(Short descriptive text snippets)
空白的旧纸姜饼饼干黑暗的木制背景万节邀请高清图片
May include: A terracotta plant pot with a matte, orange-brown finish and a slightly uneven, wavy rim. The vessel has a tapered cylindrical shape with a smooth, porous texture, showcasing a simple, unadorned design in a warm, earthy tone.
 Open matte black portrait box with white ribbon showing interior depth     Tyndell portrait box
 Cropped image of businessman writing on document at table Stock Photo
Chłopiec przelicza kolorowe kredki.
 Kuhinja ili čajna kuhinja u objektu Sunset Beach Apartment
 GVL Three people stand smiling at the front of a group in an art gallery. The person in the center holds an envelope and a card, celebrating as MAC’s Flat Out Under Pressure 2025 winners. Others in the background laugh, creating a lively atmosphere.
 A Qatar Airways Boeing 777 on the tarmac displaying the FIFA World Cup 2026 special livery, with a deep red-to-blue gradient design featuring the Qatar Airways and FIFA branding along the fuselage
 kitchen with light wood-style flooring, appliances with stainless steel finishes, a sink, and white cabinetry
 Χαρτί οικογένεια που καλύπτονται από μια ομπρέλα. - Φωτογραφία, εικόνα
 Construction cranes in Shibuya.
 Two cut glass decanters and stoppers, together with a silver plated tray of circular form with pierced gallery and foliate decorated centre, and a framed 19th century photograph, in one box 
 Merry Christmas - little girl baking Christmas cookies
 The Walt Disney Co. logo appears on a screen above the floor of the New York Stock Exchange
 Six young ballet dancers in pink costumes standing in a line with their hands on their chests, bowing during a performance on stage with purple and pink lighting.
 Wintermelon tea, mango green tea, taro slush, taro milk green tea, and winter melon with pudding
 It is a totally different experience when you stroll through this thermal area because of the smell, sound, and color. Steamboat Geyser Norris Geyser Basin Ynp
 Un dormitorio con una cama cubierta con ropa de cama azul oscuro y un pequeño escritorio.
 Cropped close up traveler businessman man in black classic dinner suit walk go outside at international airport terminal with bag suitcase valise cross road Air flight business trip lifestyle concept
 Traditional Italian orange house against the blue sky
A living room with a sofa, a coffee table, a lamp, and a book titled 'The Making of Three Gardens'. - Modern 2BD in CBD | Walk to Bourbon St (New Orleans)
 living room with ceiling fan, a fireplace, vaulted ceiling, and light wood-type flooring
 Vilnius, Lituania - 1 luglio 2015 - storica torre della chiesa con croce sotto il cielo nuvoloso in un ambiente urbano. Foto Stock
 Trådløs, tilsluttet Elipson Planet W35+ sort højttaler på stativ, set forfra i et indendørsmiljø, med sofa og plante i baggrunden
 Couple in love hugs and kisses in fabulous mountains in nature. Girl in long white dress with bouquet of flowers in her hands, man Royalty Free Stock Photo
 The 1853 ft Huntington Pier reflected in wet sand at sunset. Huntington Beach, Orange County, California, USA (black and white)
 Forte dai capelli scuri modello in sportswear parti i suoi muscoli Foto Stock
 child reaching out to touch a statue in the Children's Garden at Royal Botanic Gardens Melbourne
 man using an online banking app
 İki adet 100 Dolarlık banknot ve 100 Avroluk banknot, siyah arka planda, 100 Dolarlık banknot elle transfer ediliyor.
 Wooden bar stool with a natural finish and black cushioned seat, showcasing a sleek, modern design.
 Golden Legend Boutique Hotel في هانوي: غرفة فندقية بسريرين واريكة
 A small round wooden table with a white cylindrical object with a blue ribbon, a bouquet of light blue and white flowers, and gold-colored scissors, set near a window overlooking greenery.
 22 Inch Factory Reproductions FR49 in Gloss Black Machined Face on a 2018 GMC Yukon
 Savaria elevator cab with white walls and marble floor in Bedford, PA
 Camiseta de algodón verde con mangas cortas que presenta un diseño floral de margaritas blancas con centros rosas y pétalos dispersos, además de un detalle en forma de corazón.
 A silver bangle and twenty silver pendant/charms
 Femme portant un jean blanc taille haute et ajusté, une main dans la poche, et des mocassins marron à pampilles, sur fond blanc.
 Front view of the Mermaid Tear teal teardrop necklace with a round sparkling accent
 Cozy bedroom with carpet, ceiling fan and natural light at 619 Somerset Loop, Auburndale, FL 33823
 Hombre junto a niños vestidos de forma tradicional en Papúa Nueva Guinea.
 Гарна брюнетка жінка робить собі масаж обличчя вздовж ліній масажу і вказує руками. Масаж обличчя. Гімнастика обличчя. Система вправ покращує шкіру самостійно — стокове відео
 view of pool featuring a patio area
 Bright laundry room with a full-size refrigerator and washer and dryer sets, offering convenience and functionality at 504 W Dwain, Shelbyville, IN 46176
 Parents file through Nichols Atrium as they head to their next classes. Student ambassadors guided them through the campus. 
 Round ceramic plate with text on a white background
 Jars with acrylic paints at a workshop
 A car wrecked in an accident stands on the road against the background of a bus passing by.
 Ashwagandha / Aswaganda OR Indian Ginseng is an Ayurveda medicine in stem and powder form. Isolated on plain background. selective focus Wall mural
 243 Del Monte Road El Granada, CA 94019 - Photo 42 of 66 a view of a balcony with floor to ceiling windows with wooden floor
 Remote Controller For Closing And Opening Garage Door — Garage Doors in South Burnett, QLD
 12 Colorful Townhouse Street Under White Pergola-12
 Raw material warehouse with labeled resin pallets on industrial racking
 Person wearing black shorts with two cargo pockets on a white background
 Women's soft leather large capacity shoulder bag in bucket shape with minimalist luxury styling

__WORK ORDER__
Using the records above, repeat exactly the lines from the first one through the line with "Chłopiec przelicza kolorowe kredki.".

__WORKED SOLUTION__
空白的旧纸姜饼饼干黑暗的木制背景万节邀请高清图片
May include: A terracotta plant pot with a matte, orange-brown finish and a slightly uneven, wavy rim. The vessel has a tapered cylindrical shape with a smooth, porous texture, showcasing a simple, unadorned design in a warm, earthy tone.
 Open matte black portrait box with white ribbon showing interior depth     Tyndell portrait box
 Cropped image of businessman writing on document at table Stock Photo
Chłopiec przelicza kolorowe kredki.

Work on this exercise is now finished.